Search code examples
pythonamazon-web-servicesamazon-sagemaker

No space left on device while deploying fine tuned model with SageMaker


I fine tuned a huggingface-llm-mistral-7b model using a SageMaker JumpStartEstimator. The artifacts are stored in S3, compressed as a .tar.gz file.

Now I'm trying to deploy said model. Using the python SDK and I run the following code:

INFERENCE_INSTANCE_TYPE = "ml.g5.2xlarge"
MODEL_ID = "huggingface-llm-mistral-7b"
MODEL_VERSION = "*"
SAGEMAKER_ROLE = "arn:aws:iam::257342474:role/AmazonSageMakerFullAccess"

endpoint_name = name_from_base(f"jumpstart-{MODEL_ID}")

deploy_image_uri = image_uris.retrieve(
    region=None,
    framework=None,
    image_scope="inference",
    model_id=MODEL_ID,
    model_version=MODEL_VERSION,
    instance_type=INFERENCE_INSTANCE_TYPE,
)
deploy_source_uri = script_uris.retrieve(
    model_id=MODEL_ID, model_version=MODEL_VERSION, script_scope="inference"
)
base_model_uri = model_uris.retrieve(
    model_id=MODEL_ID, model_version=MODEL_VERSION, model_scope="inference"
)
model = Model(
    image_uri=deploy_image_uri,
    source_dir=deploy_source_uri,
    model_data="s3://path/to/model/model.tar.gz",
    entry_point="inference.py",
    role=SAGEMAKER_ROLE,
    predictor_cls=Predictor,
    name=endpoint_name,
)

base_model_predictor = model.deploy(
    initial_instance_count=1,
    instance_type=INFERENCE_INSTANCE_TYPE,
    endpoint_name=endpoint_name,
    volume_size=50,
)

And the error I get is:

OSError: [Errno 28] No space left on device

My instance should have enough RAM and disk space, I can't figure out why this error is raised.

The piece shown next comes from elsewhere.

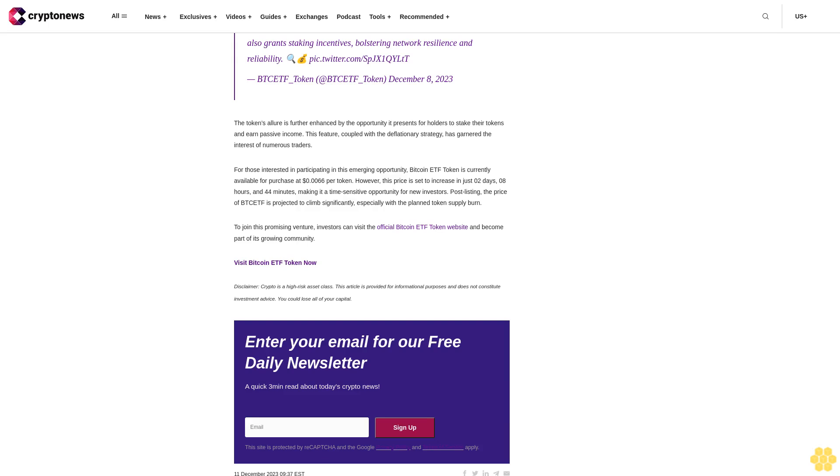This gradual reduction of 25% of its total supply is strategically designed to amplify demand for the token, potentially elevating its market value.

The error seems to come from the model creation step so I tried replacing the deploy instruction by:

model.create(instance_type=INFERENCE_INSTANCE_TYPE)

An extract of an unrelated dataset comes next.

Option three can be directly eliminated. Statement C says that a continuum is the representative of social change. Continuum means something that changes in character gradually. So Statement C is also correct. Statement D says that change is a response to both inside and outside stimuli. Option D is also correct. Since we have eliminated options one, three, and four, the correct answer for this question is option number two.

And the same error is raised.

I also tried to increase volume size, use a ml.g5.12xlarge instance as well as to use a ServerlessInferenceConfig to no effect.

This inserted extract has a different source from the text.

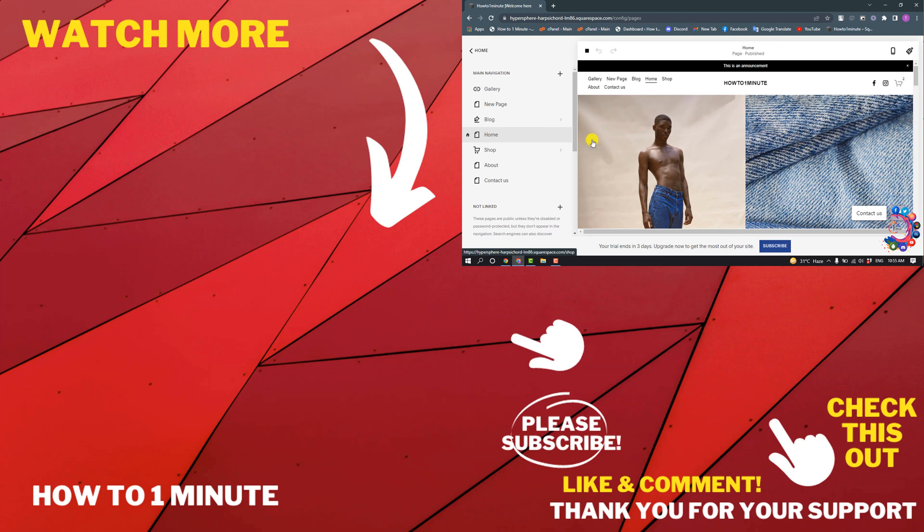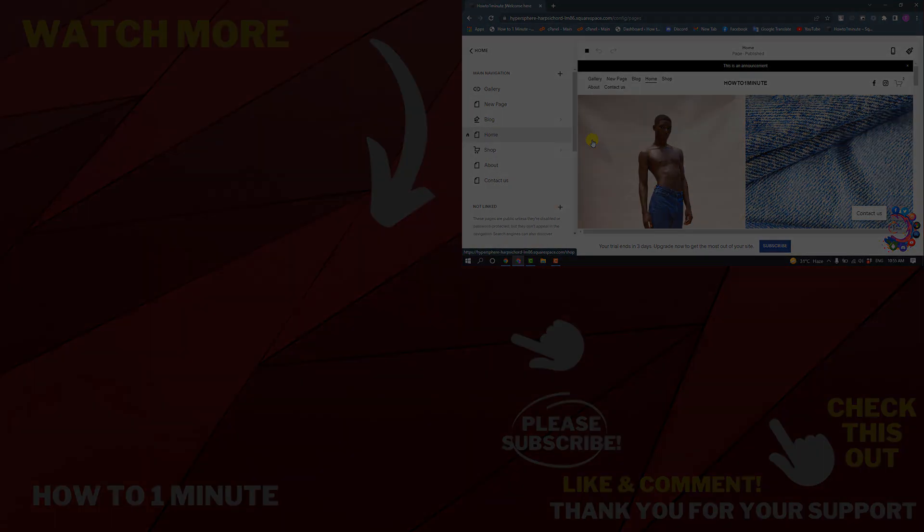If you want to see more Squarespace videos, please check the links in the description. If this video helped you, give a thumbs up and please consider subscribing to How to 1 Minute. Thank you for watching.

Could anyone provide advice on how to fix this or how to troubleshoot the source of the error ?


Solution

  • I recommend following steps to investigate the issue.

    1. Identify the environment where "No space left on device" is happening, between your development environment (where you are running your script) and model container (which is hosting the endpoint).
    2. Check full call-stack to know what is the direct cause of the error.
    3. Use SSM to access the container, if the error is happening in the container.
    4. Run "df" command to see disk utilization of the environment, to know which disk space is reaching 100%.

    Solution would depends on the result of these steps.